The theme music behind the Curse of the Bambino

When he played for the Red Sox, Babe Ruth -- shown here at a pump organ with his wife, Ruth -- wintered at Willis Pond in Sudbury, Massachusetts, often entertaining friends in rustic cottages nearby. Keystone/FPG/Getty Images

Jane Leavy, the author of New York Times bestsellers Sandy Koufax, a Lefty's Legacy, and The Last Boy, Mickey Mantle and the End of America's Childhood, takes on baseball's greatest legend in The Big Fella, a biography of Babe Ruth published this week by HarperCollins. Using the 21-day barnstorming tour that Ruth took with Lou Gehrig following their 1927 season as a prism, Leavy not only brings the Bambino to life but also provides new insights into just how much he meant to baseball and America. There's one story, however, that she had to leave out of the book. And here it is: The legend of the piano at the bottom of The Curse of the Bambino. On Thursday, the Red Sox advanced to the World Series for the fourth time in the 21st century, proof positive that The Curse is dead.

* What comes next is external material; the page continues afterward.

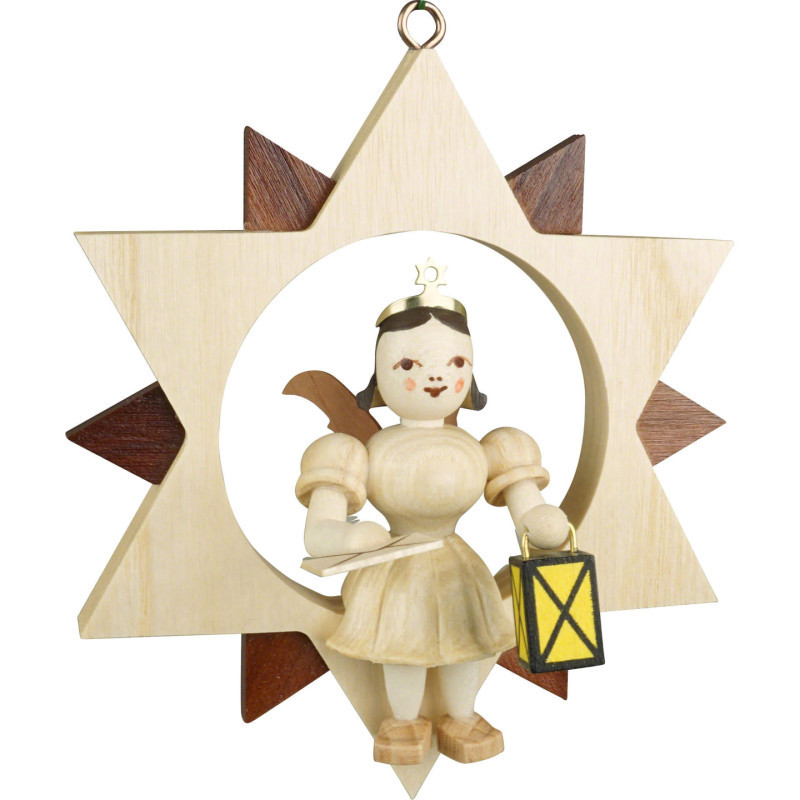 Guardian Angel Sitting in a Star - Natural - 9 cm / 3.5 inch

So, about that piano. The upright one that Babe Ruth hurled into legend and the once-pristine waters of Willis Pond in Sudbury, Massachusetts, a redoubt favored by the likes of Henry David Thoreau, Red Sox revelers, Jewish mobsters and teenage boys evading parental oversight.

"Did you dig up anything on the piano?"

That's what everyone wanted to know when I began work on "The Big Fella, Babe Ruth and the World He Created." That and, "Why another book about the Babe?" After eight years on the job, I had a ready reply to the former: "To extricate the truth of the piano from the muck and murk of history."

It was a deep dive.

To review: While in the Red Sox employ, Ruth & Co. spent their free time cavorting in rustic cottages set in the woods around the pond, partying in happy isolation. Ruth liked it so much that he and his bride, Helen, wintered there in 1917-1918 in a cabin called "IHateToQuitIt" on Butler Road, described at length by Melville E. Webb in a Jan. 20, 1918, Boston Globe ode to the country life: "Wear your old clothes." It had a Franklin stove, a new-fangled record player and a pump organ. Helen served hot chocolate and cookies to local children who came to play with the Babe. Ruth served something hotter to adults.

There was another, smaller, more rustic camp a couple of thousand feet down the shore on The Point, which, according to local lore, featured an upright piano and a rowdy reputation. It was from this bucolic promontory, the highest point on the lake, that Ruth hurled the damn thing off the porch either because he could or because he was drunk and angry at a sportswriter who said he didn't look as strong as all that. Or: he rolled, carried, dropped or lowered the instrument onto the frozen ice to entertain guests gathered around a bonfire, a party that lasted late into the night, then left it to sink to the bottom when the ice thawed. The ivories would never be tickled again. "A disgrace to the neighborhood," tut-tutted one elderly resident.

After pitching the Red Sox to a World Series victory over the Chicago Cubs 100 years ago, Ruth returned to IHateToQuitIt, to consider how much he would be worth to club owner Harry Frazee in 1919, when he would win nine games as a starting pitcher and start 106 games in left field. He demanded $10,000 a year for three years and reported late, a holdout. After the Sox finished sixth in 1919, the profligate wastrel was sold to the Yankees, and the cursed Red Sox plunged to the nether regions of the American League, not to rise again until a new century had begun.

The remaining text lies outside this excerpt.